Здесь se sustinere difficile от приведения формулировки Ч. С. Шер- рингтона, который подводит в этой теме жесткий и точный итог: «Зрительные рецепторы обычно располагаются вблизи ведущего полюса, и будучи расположены именно таким образом, устремлены в пространство, в направлении передвижения животного. Также обстоит дело с обонятельными рецепторами. Движущая масса тела позади, в форме вытянутой последовательности движущихся частей остального тела, с этой точки зрения является моторным придатком, который находится в распоряжении дистантных рецепторных органов, расположенных впереди. Сегменты, находящиеся на ведущем полюсе тела животного, вооруженные развитыми дистантными чувствительными органами, и являются тем, что носит название головы» (Шеррингтон Ч. С Интегративная деятельность нервной системы, 1969).
Следует отметить вслед за J. N. Leonard, что это «тесное соседство рта, мозга и органов чувств равно характерно и для самых примитивных животных, и для человека» (Life Before Man, 1977).
Ad verbum, это свойство имеет прекрасную иллюстративную базу в культуре homo: даже созданные религиозным воображением «боги», имеющие сверхъестественную природу и предполагаемую независимость от морфогенеза, наделены таким эволюционным завоеванием, какпоперечноротость;иточнотакже, как шимпанзе, вараны или раки, они имеют концентрацию основных рецепторов в переднем (верхнем) сегменте туловища. Беглого взгляда на изображение Кецалькоатля, Варшравана, Иеговы-Иисуса, Хиненуйтепо, Зевса et cetera достаточно, для того чтобы убедиться, что принцип расположения органа для захвата, измельчения, ослюнения пищи в тесном соседстве с основными рецепторами воображение homo аккуратно перенесло с развившихся животных и на своих «богов», не рискнув наделить последних чертами, абсурдными с точки зрения... эволюционной физиологии. A his stereotypis caris nemo abnegat etiam nunc, etsi nimio subtilius esset imaginari deum-patrem in iconis (quasi substantiam vetussimam), non transversariorem, sed cyclostomaticum (oricircularem), cum synthesi placodium squamarum mobilium in ore et chondroide ano periorale cum antennis.
(Примерно такая же картина ожидает нас и при рассмотрении у самых разных видов животных принципов конструкции пищеварительной, дефекационной, половой систем, строения внешних органов et cetera.)

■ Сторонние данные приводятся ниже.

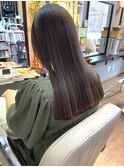 サラ艶☆髪質改善ストレート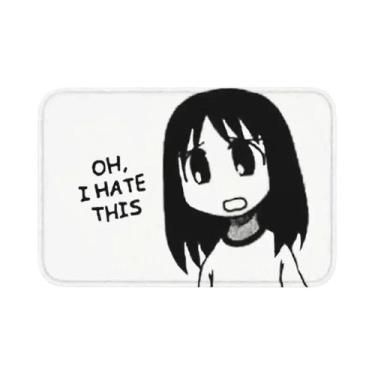 Imagem de Tapete Antiderrapante Osaka Ayumu Azumanga Daioh Anime Para Sala De Es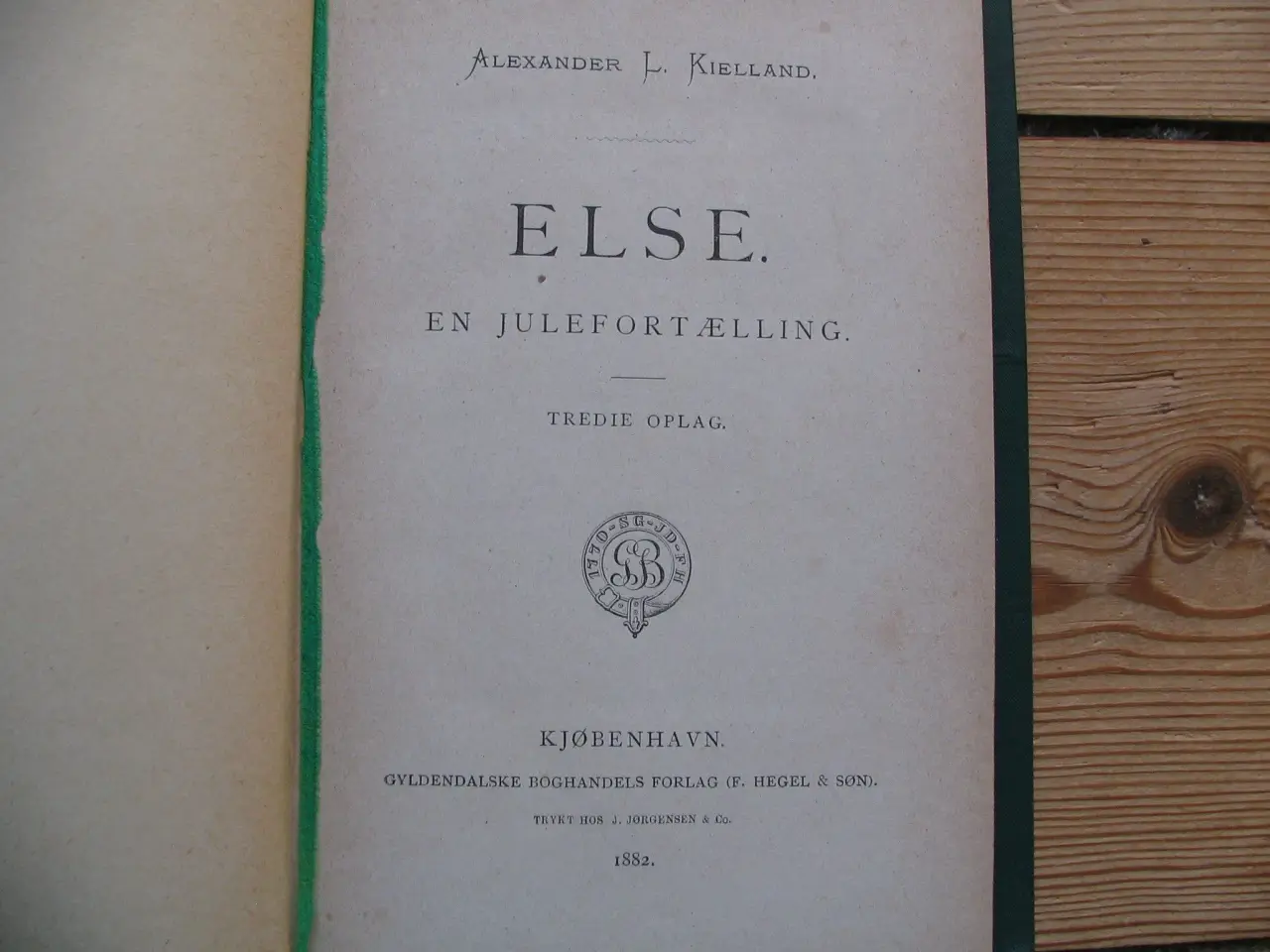 Billede 4 - Alexander Kielland. Else, fra 1882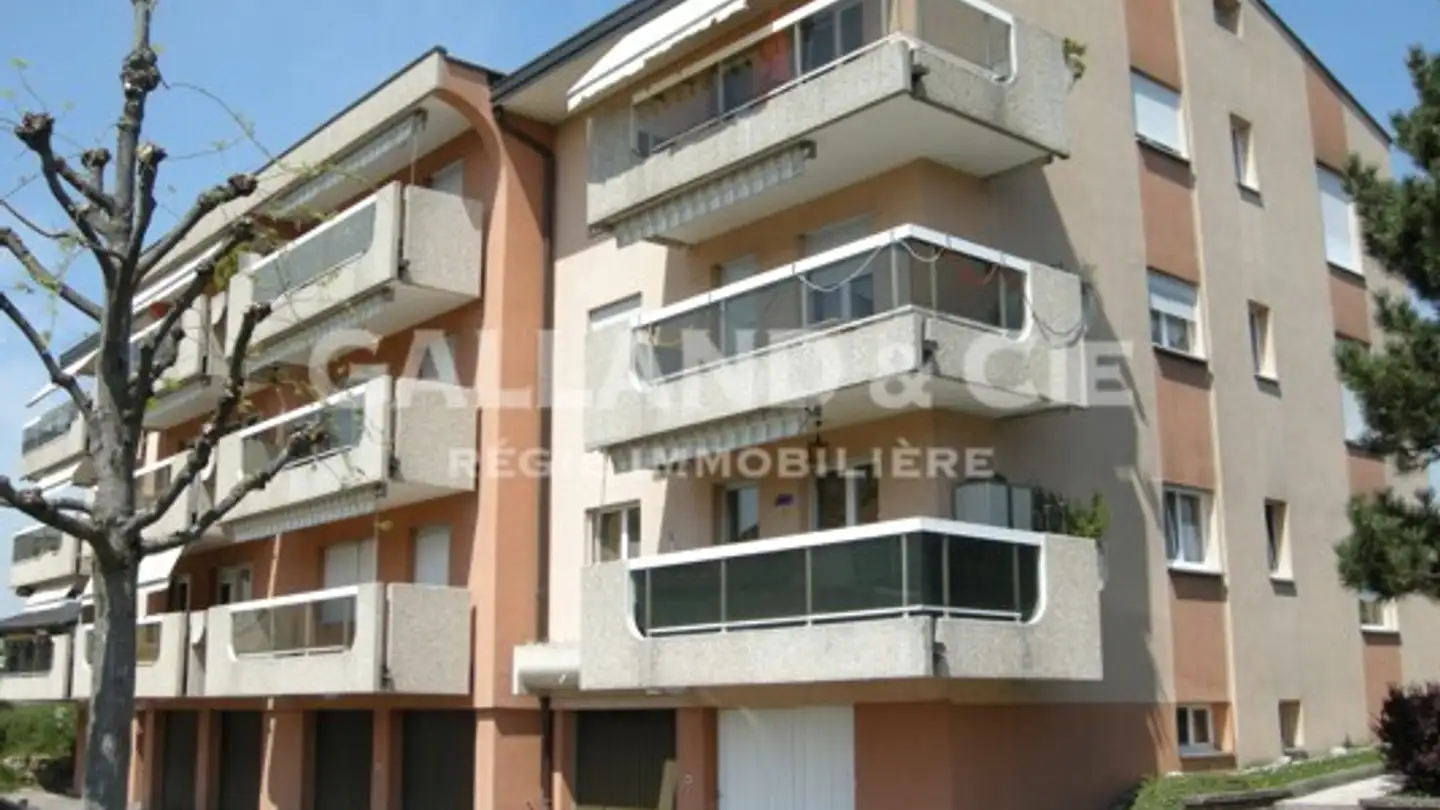 Place de parking extérieure à louer - Chemin Du Mont-Blanc 2, 1023 Crissier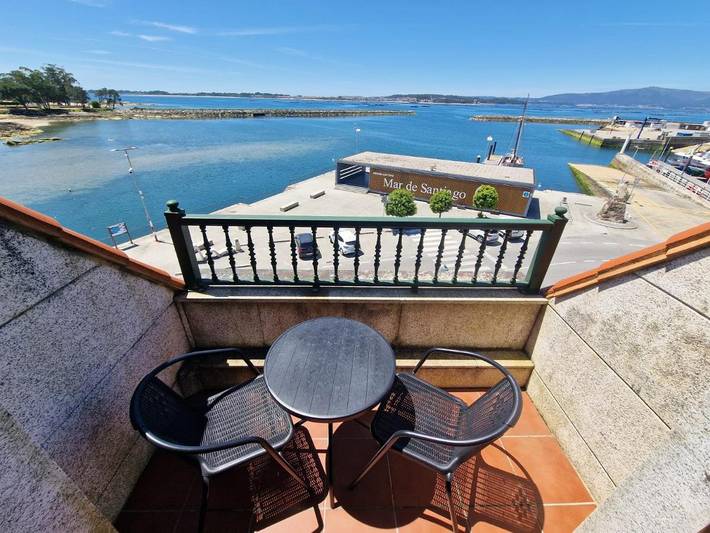 Apartamento de vacaciones para 4 personas, con terraza y vistas - 1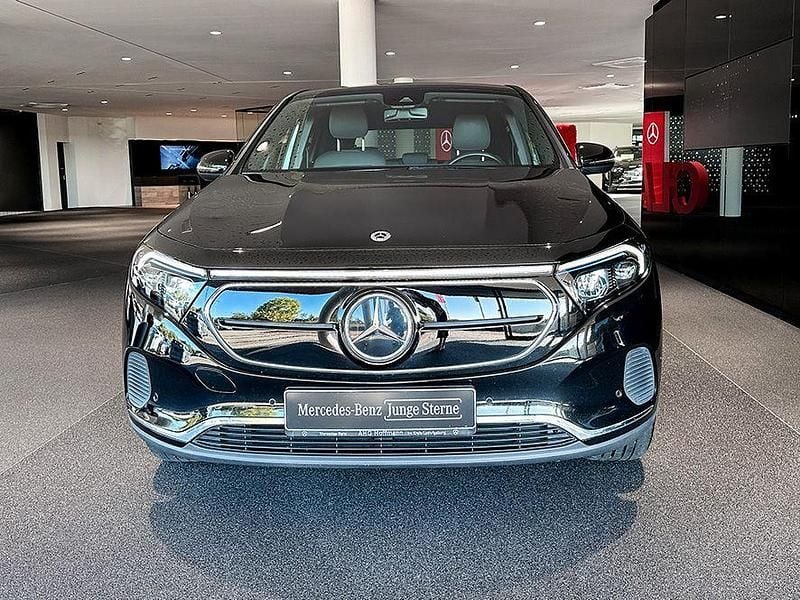 Gebraucht Mercedes EQA250+ Electric Art 139 kW (190 PS) 2022 Schwarz SUV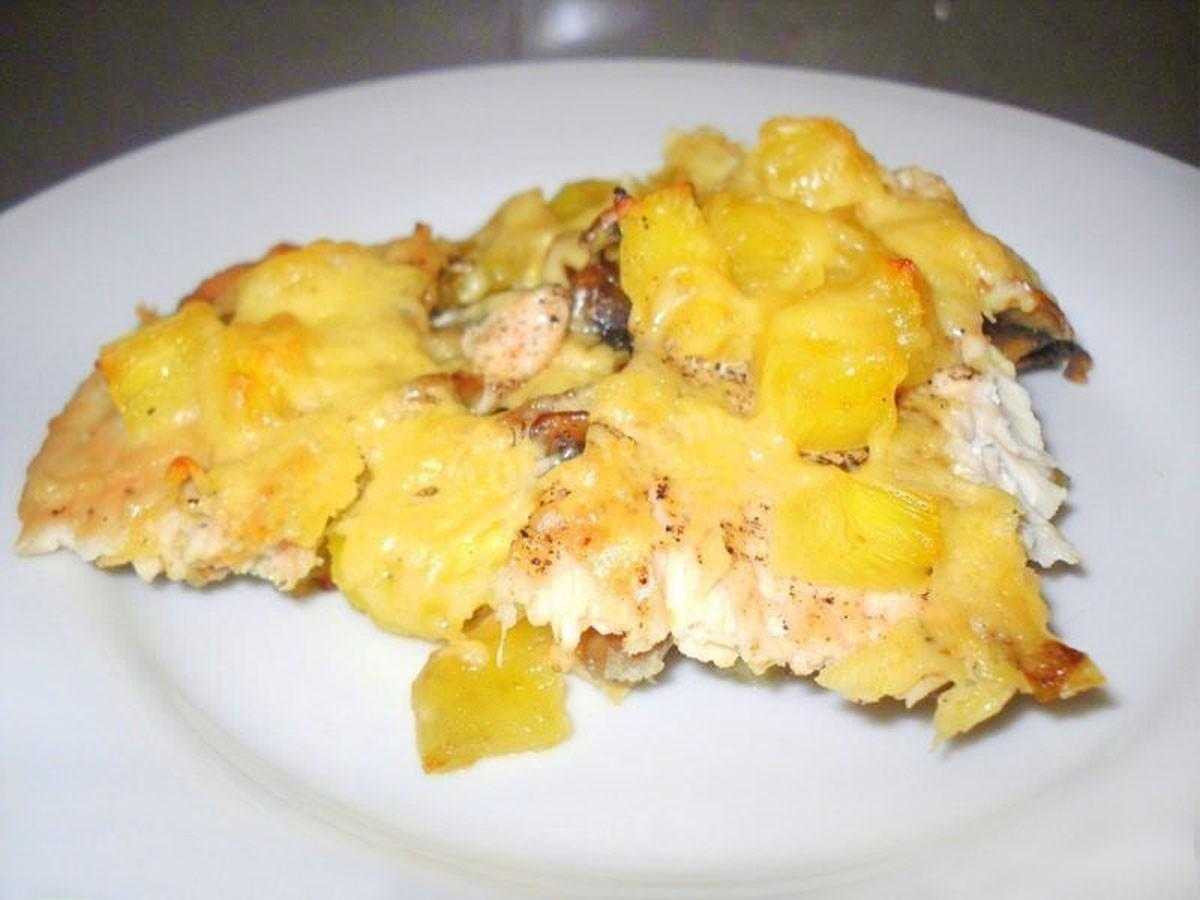 Рецепты популярных блюд из курицы с ананасами в духовке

Прочность стереотипа о «многообразии» животных форм связана с объяснимой «местечковостью» наших представлений: все отличия, например, бегемота от крысы, а кошки от человека, сегодня кажутся homo крайне существенными и чуть ли не фатальными.
Это неудивительно, так как homo, никогда не наблюдавший иных форм и принципов жизни, кроме его окружающих, через таксономические культы науки и различные классификации приучается видеть «многообразие», отчасти игнорируя фактор родственности всех организмов, и то обстоятельство, что все формы жизни неизбежно «упаковываются» в единый глобальный принцип образования, размножения и умирания. Так, нумизмат, запертый в своей страсти к редким монеткам, видит чрезвычайные и важные различия между сестерцием Марка Аврелия и рублем Брежнева; в его коллекционерском «мире» имеют роковое значение: глубина насечки на гурте, потертости буквочек и царапины, век изготовления, металл, стоимость и т.н. историко-культурное значение.
Но следует признать, что при всей важности (для нумизмата) перечисленных свойств, с позиций простейшего естествознания никаких принципиальных параметров, которые отличали бы древнеримскую монету от советской, все же не существует. И та и другая имеют аналогичную природу происхождения, функцию, значение и смысл. Появление и той и другой вызвано идентичными социальными обстоятельствами, и даже металл, послуживший для изготовления обеих, порожден едиными геологическими процессами.
Есть и еще множество характеристик, стирающих вообще всякие сущностные различия меж рублем, сестерцием и любыми другими монетками, вне зависимости от формальной несхожести их форм: брактеатности, многоугольности, отверстийности или других особенностей чеканки или отливки.
Все т.н. отличия монетки приобретают лишь в контексте игры homo в их собирательство, где разнообразие профилей на аверсах, гербов, надписей, форм и размеров — предлагаются как глобальные, принципиальные отличия, делающие одну монету сверхценной, а другую — менее ценной или и вовсе бросовой.
Ad verbum, эти различия не будут понятны не только представителю любого другого вида животных, но и многим homo; полинезиец 80-х годов XX века с одинаковой легкостью и без всякой «душевной боли» сделает рыболовное грузило как из одной, так и из другой монетки, хотя, может быть, скорее, выберет сестерций по причине его «серебряности», т.е. большей податливости к расплющиванию и сгибанию.